Die Weselerin schöpft auch keinen Verdacht, als sie zwar die „neue Nummer“ anrufen will, ihre Tochter aber den ganzen nächsten Tag nicht zu erreichen ist. Erst am Samstag gibt es dann „Lebenszeichen“ von ihr. In einer Nachricht heißt es, dass die „Tochter“ eine Rechnung bezahlen müsse, die Online-Banking-App auf dem neuen Handy aber nicht zu öffnen sei. Es folgt die Frage, ob die Mutter denn das Geld nicht überweisen könne. Sie wolle die Summe auch möglichst schnell zurückzahlen.

„Das klang alles so plausibel. Weil ja meine Tochter und der Schwiegersohn ihre Wohnung umbauen, passte das ja auch irgendwie, sodass ich hier auch keinen Verdacht geschöpft habe.“ Dass die Nachrichten einige Rechtschreibfehler und Formulierungen enthalten, die zu der „Tochter“ eigentlich nicht passen, ignoriert Elke Adams. „Die Fehler habe ich auf die Stresssituation wegen des Umbaus bezogen.“ Um die 4000 Euro überweisen zu können, muss sie ihr Girokonto überziehen. Ihr Mann gibt ihr noch den Tipp, die Tochter über den Festnetzanschluss anzurufen, ob denn das alles so stimmt. „Das Blöde war, dass ich das Telefon an diesem Tag nicht gefunden habe. Da ist wirklich alles schiefgelaufen.“

Wie dem auch sei. Am Ende ist es so, dass die Weselerin per Whatsapp eine Kontonummer erhält und am Abend die gewünschte Summe überweist. Und dann schickt sie auch noch ein Foto des Kontoauszuges und erhält dafür ein Kuss-Smiley. „Danke“, schreibt die vermeintliche Tochter. Elke Adams ist froh, ihrem „Kind“ geholfen zu haben.
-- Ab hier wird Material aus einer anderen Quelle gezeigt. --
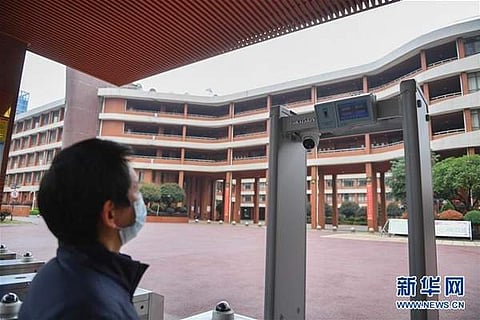 சீனப் பள்ளிகளில் கிருமி நீக்க நடவடிக்கை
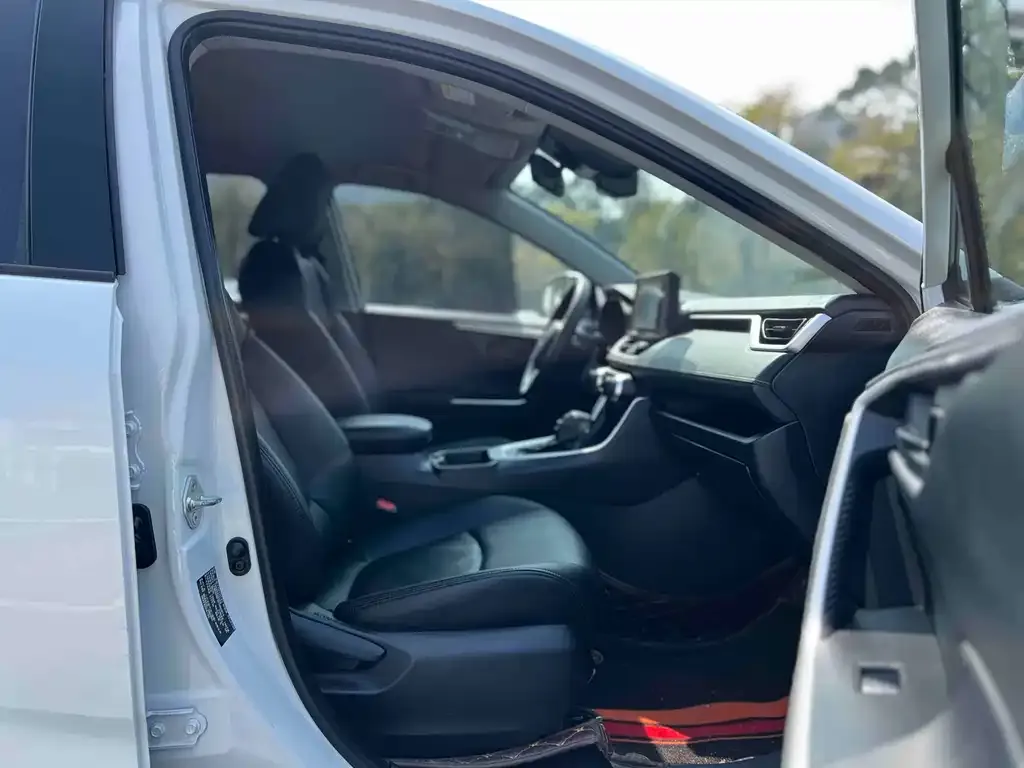 Toyota RAV4 — фото 2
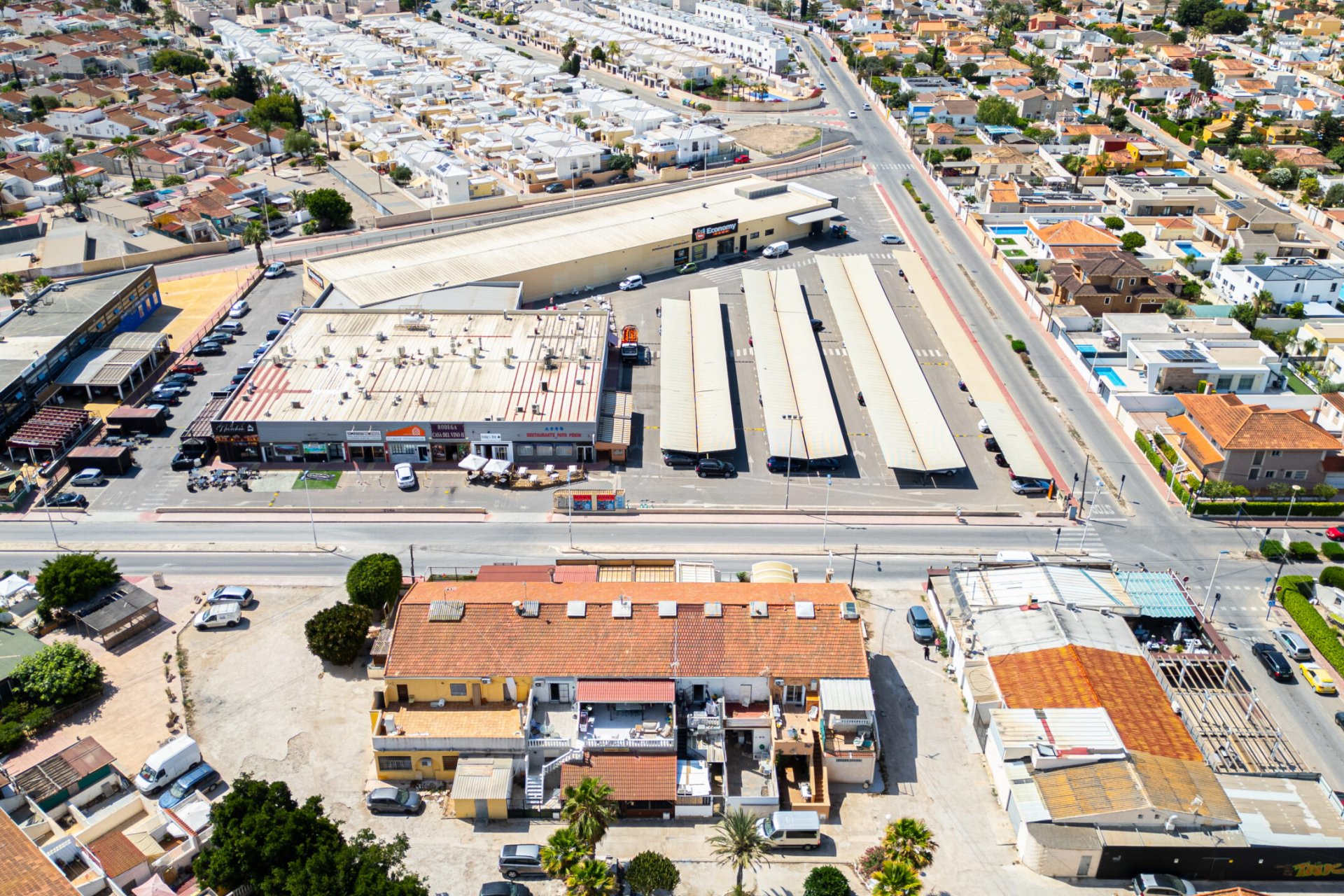 Resale - Commercial Unit -
Torrevieja - La Siesta - El Salado - Torreta
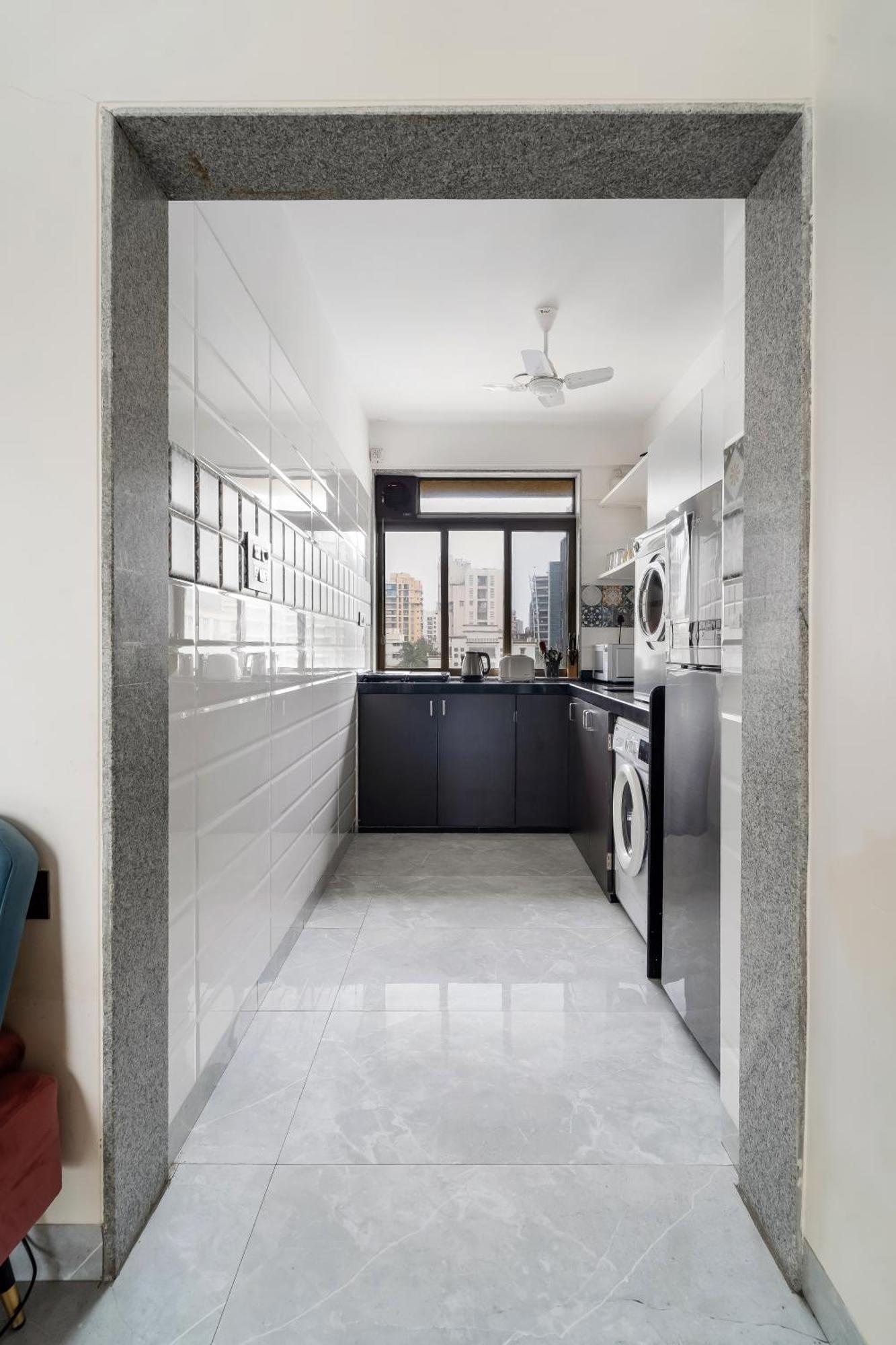 Mezzo Private 3bhk In Bandra Apartment *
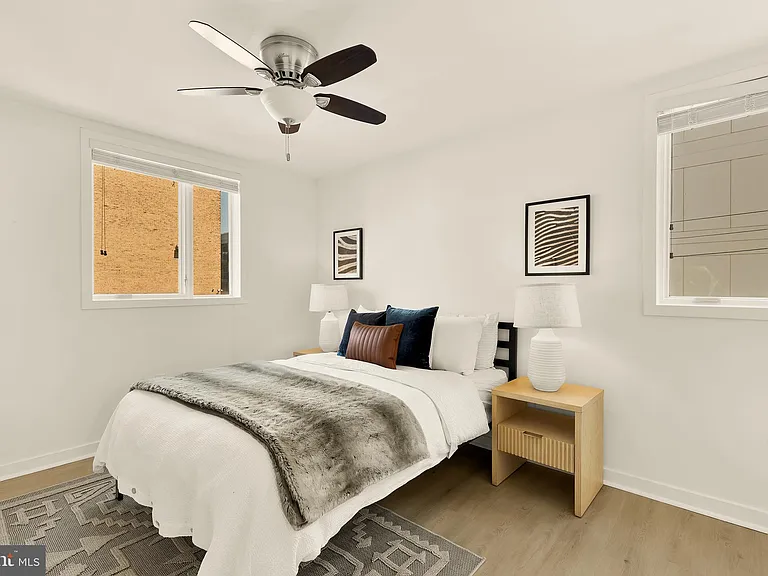 1423 Newton St NW #204 — Photo 15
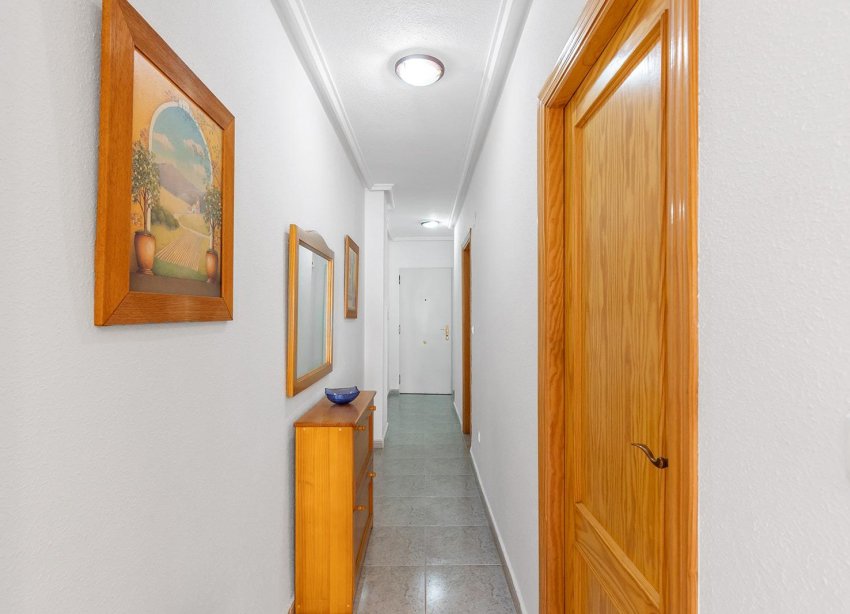 Reventa - Apartamento / Dúplex - Torrevieja - Centro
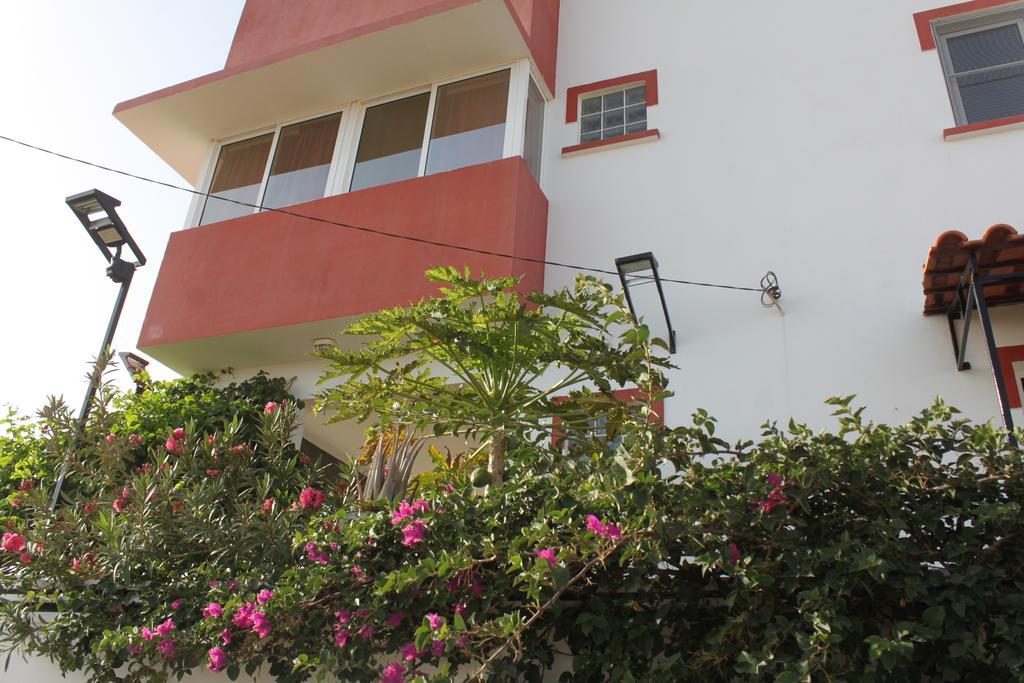 Yria Residencial Bed & Breakfast Porto Novo  Exterior photo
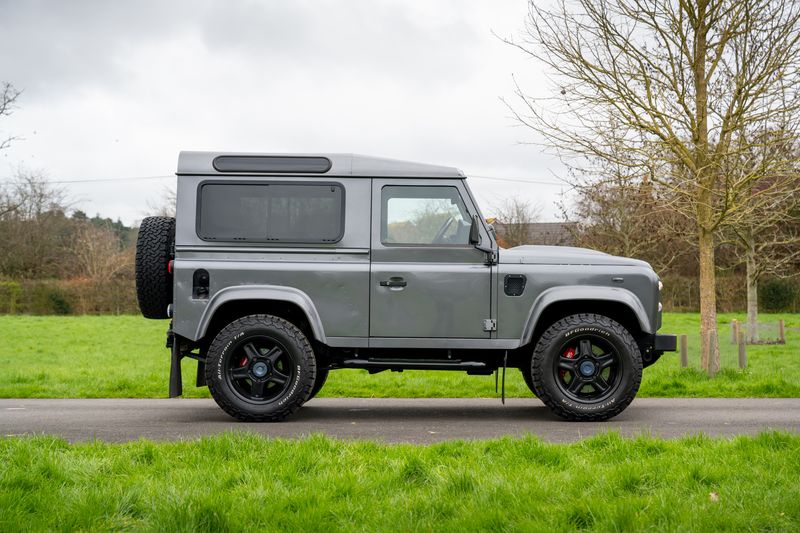 Landrover Defender 90 XS 2.2TD Twisted Edition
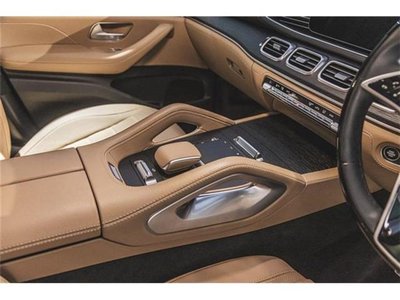 MERCEDES-BENZ GLS - 10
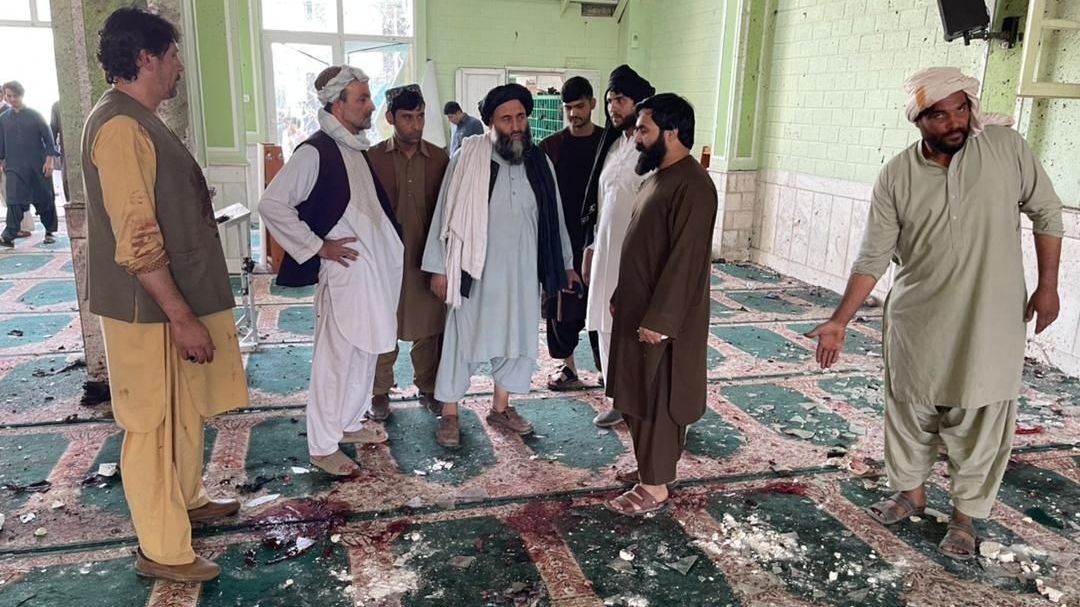 Desítky mrtvých po explozi v mešitě v Kandaháru
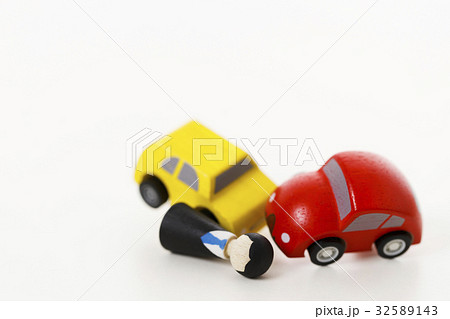 交通事故　正面衝突　車　自動車　白バック　乗り物　乗用車 32589143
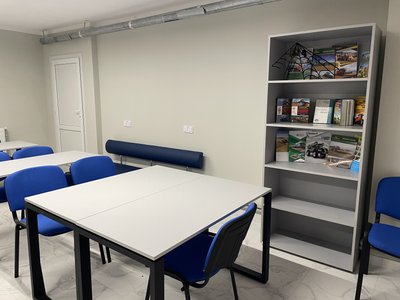 Училище в Полтаві, яке постраждало від обстрілу, отримало нове укриття Училище в Полтаві, яке постраждало від обстрілу, отримало нове укриття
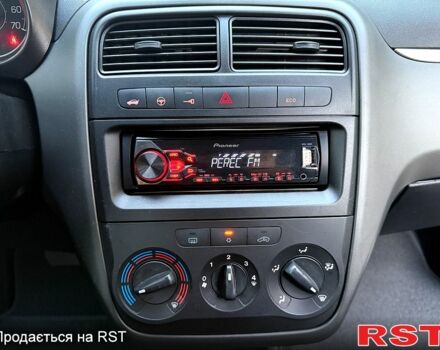 Фиат Гранде Пунто 2008 в Киеве на Automoto.ua Черный Фиат Гранде Пунто, объемом двигателя 1.4 л и пробегом 155 тыс. км за 4200 $, фото 7 на Automoto.ua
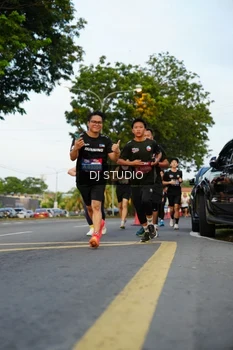 Runner Photo 4199572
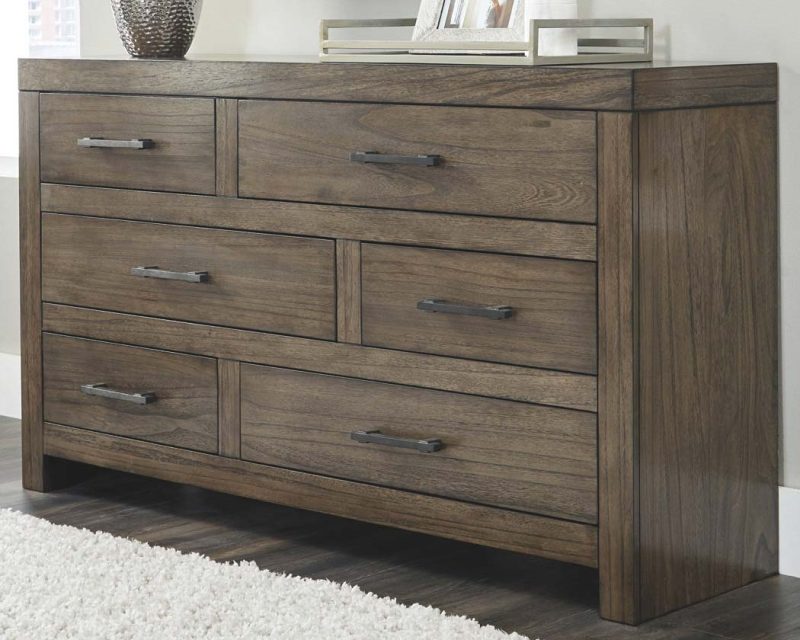 Deylin Dresser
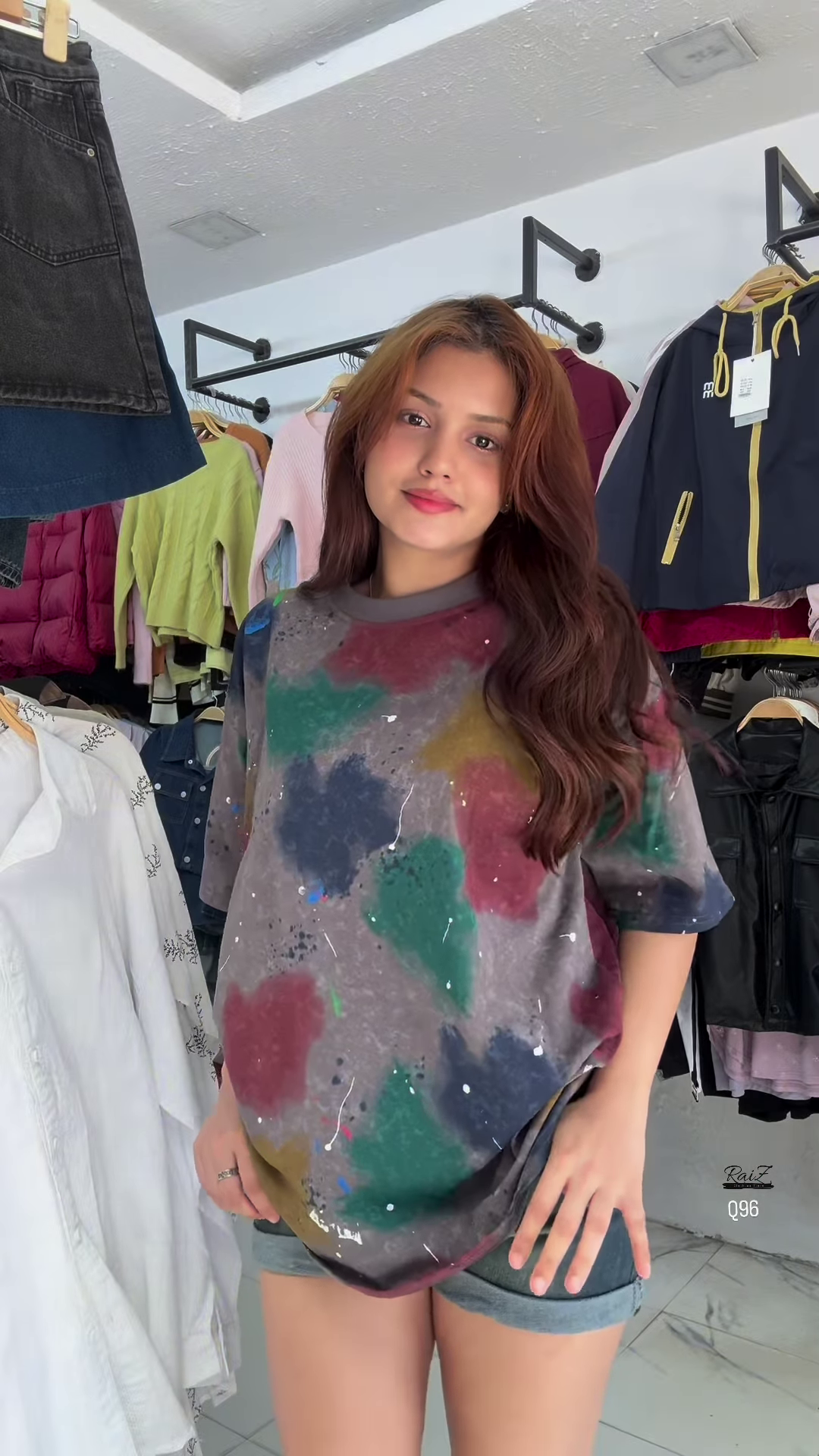 🎨 Edgy Black T-Shirt with Vibrant Abstract Paint Splatter Design 💥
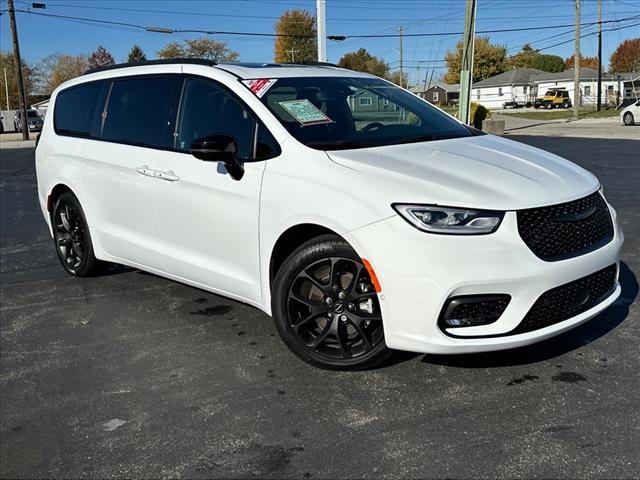 used 2023 Chrysler Pacifica car, priced at $39,995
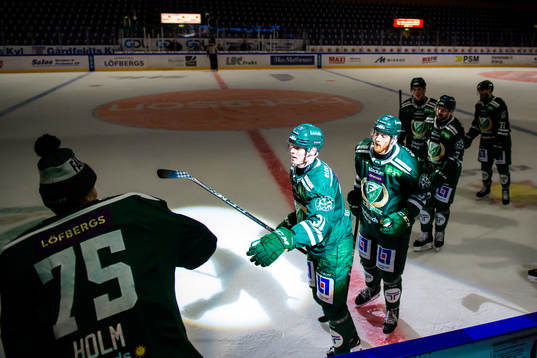 Färjestads Carl Jakobsson jublar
Erste leise Zweifel kommen ihr, als sie dann am Sonntag mit der Tochter über das Festnetz telefoniert. „Ich kann Dich über Deine neue Handynummer nicht erreichen“, sagt die Mutter. „Ich habe keine neue Nummer“, sagt die Tochter verdutzt. Wenig später beenden sie dann das Telefonat. Als Elke Adams ihrem Mann von dem merkwürdigen Gespräch erzählt, fragt er sie: „Ja ist das denn dann mit der Überweisung richtig gewesen?“ In diesem Augenblick wird der Rentnerin schlagartig klar, dass sie Opfer von Trickbetrügern geworden ist. „Mir ist der Schreck in die Glieder gefahren, mir wurde heiß und kalt zugleich. Ich musste mich setzen, war regelrecht geschockt.“ Als sie dann ihrer Tochter am Telefon die ganze Sache beichtet, kann diese nur den Kopf schütteln. „Sie meinte, dass sie nie gedacht hätte, dass ich auf so etwas hereinfalle.“

Unmittelbar nach dem Telefonat mit der Tochter erstattet Elke Adams bei der Polizei in Wesel Anzeige. Dass sie den Tathergang selbst zu Papier bringen muss an einem Stehtisch im Eingangsbereich der Wache, kann sie nicht verstehen. „Als mal mein Fahrrad gestohlen wurde, hat ein Polizeibeamter mit mir geredet und alles notiert. Das finde ich alle sehr seltsam.“

Dass sie die 4000 Euro jemals wiederbekommt, glaubt die Weselerin nicht. Zumal ihr auch die Polizei keine wirkliche Hoffnung gemacht hat, dass das Geld wieder auftaucht. „Das wären zwei Urlaubsreisen gewesen“, sagt sie und hofft, dass ihr Beispiel vielen anderen die Augen öffnet. „Ich kann nur jedem dringend raten, auf das kleinste Bauchgrummeln zu hören. Wenn einem irgendwie etwas seltsam vorkommt, lieber einmal zu oft als einmal zu wenig mit dem Partner darüber reden und erst dann eine Entscheidung treffen.“ Darüber, dass sie so leichtgläubig und unvorsichtig war, kann sie selbst nur den Kopf schütteln. „Wie konnte mir das nur passieren?“ Diese Frage stellt sie sich immer und immer wieder. Nachts verfolgen sie Albträume. Bis sie sich selbst diesen Fehler verzeihen kann, wird es sicher noch einige Zeit dauern. „Ich kann nur sagen, dass das eine Lehre fürs Leben war – wenn auch eine sehr bittere“, sagt Elke Adams.